Mario halted, glanced at the wall. At eight-foot intervals circles of fluorescent paint gleamed brightly. Behind this wall would be the grand foyer to the Chateau d'lf. Mario advanced to one of the fluorescent circles. These he himself had painted to mark the location of his spy cells. These were little dull spots hardly bigger than the head of a pin, invisible at three feet. Mario, in the guise of an electrician, had installed them himself, with a pair at every location, for binocular vision.

From his pouch he brought a pair of goggles, clipped a wire to the terminal contacts of the spy cells, fitted the goggles over his eyes. Now he saw the interior of the foyer as clearly as if he were looking through a door.

It was the height of a reception-a house-warming party at the Chateau d'lf. Men, old, young, distinguished or handsome or merely veneered with the glow of success; women at once serene and arrogant, the style and show of the planet. Mario saw jewels, gold, the shine and swing of thousand-colored fabrics, and at eye-level, the peculiar white-bronze-brown-black mixture, the color of many heads, many faces-crowd-color.

Mario recognized some of these people, faces and names world-known. Artists, administrators, engineers, bon-vivants, courtesans, philosophers, all thronging the lobby of the Chateau d'lf, drawn by the ineffable lure of the unknown, the exciting, the notorious.

There was Mervyn Alien, wearing black. He was as handsome as a primeval sun-hero, tall, confident, easy in his manner, but humble and carefully graceful, combining the offices of proprietor and host

Thane Paren was nowhere in sight.

Mario moved on. As at 5600 Exmoor, he found a room drenched with amber-white light, golden, crisp as celery, where the broad-leafed plants grew as ardently as in their native humus. The herbarium was empty, the plants suspired numbing perfume for their own delectation.

Mario passed on. He looked into a room bare and undecorated, a workshop, a processing plant. A number of rubber-wheeled tables were docked against a wall, each with its frock of white cloth. A balcony across the room supported an intricate mesh of machinery, black curving arms, shiny metal, glass. Below hung a pair of translucent balls, the pallid blue color of Roquefort cheese. Mario looked closely. These were the golasma cellules.

No one occupied the chamber except a still form on one of the stretchers. The face was partly visible. Mario, suddenly attentive, shifted his vantage point. He saw a heavy blond head, rugged blunt features. He moved to another cell. He was right. It was Janniver, already drugged, ready for the transposition.

Mario gave a long heavy suspiration that shook Ebery's paunch. Ditmar had made it. Zaer, Mario, Breaugh, and now Janniver, lured into this room like sheep the Judas-goat conducts to the abbatoir. Mario bared his teeth in a grimace that was not a smile. A tide of dark rage rose in his mind.

He calmed himself. The grimace softened into the normal loose lines of Ebery's face. Who was blameless, after all? Thane Paren? No.

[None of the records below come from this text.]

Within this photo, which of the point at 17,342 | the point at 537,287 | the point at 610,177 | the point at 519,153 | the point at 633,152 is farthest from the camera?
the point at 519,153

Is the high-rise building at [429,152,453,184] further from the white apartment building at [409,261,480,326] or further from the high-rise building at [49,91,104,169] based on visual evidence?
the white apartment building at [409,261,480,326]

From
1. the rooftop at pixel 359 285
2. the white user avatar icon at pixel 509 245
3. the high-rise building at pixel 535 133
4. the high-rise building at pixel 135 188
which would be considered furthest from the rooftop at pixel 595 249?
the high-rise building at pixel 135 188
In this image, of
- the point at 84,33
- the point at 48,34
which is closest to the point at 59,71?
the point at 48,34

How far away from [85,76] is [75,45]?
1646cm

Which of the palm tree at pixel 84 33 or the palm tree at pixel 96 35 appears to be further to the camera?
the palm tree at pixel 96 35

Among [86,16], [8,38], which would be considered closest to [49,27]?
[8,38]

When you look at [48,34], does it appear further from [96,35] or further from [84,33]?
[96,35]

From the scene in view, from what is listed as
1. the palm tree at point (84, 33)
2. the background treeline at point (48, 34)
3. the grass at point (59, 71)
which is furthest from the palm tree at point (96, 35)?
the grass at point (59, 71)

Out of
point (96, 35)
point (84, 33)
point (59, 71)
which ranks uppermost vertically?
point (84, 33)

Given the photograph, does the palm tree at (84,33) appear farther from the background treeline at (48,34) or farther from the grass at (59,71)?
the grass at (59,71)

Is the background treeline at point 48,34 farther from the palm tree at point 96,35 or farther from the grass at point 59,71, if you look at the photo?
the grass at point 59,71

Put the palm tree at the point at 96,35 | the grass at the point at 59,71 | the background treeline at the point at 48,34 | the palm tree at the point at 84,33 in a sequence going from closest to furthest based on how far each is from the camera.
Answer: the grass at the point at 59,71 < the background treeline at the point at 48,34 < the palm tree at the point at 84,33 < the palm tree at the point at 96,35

She served Mervyn Alien, the soul in her brother's body. He himself, Roland Mario? He might have killed Mervyn Alien, he might have halted the work of the Chateau d'lf by crying loudly enough to the right authorities. He had refrained, from fear of losing his body. Pete Zaer? He might have kept to the spirit of his bargain, warned his friends on the Oxonian Terrace.

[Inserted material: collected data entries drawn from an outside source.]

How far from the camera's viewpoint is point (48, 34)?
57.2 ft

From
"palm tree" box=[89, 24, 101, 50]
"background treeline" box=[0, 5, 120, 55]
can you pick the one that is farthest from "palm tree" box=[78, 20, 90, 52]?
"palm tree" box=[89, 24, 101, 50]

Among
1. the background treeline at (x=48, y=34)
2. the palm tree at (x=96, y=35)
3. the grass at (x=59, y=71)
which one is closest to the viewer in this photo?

All the other victims, who had similarly restrained their rage and sense of obligation to their fellow-men? No, Ditmar was simply a human being, as weak and selfish as any other, and his sins were those of commission rather than those of omission, which characterized the others.

Mario wandered on, peering in apartment, chamber and hall. A blonde girl, young and sweet as an Appalachian gilly-flower, swam nude in Alien's long green-glass pool, then sat on the edge amid a cloud of silver bubbles. Mario cursed the lascivious responses of Ebery's body, passed on. Nowhere did he see Thane Paren.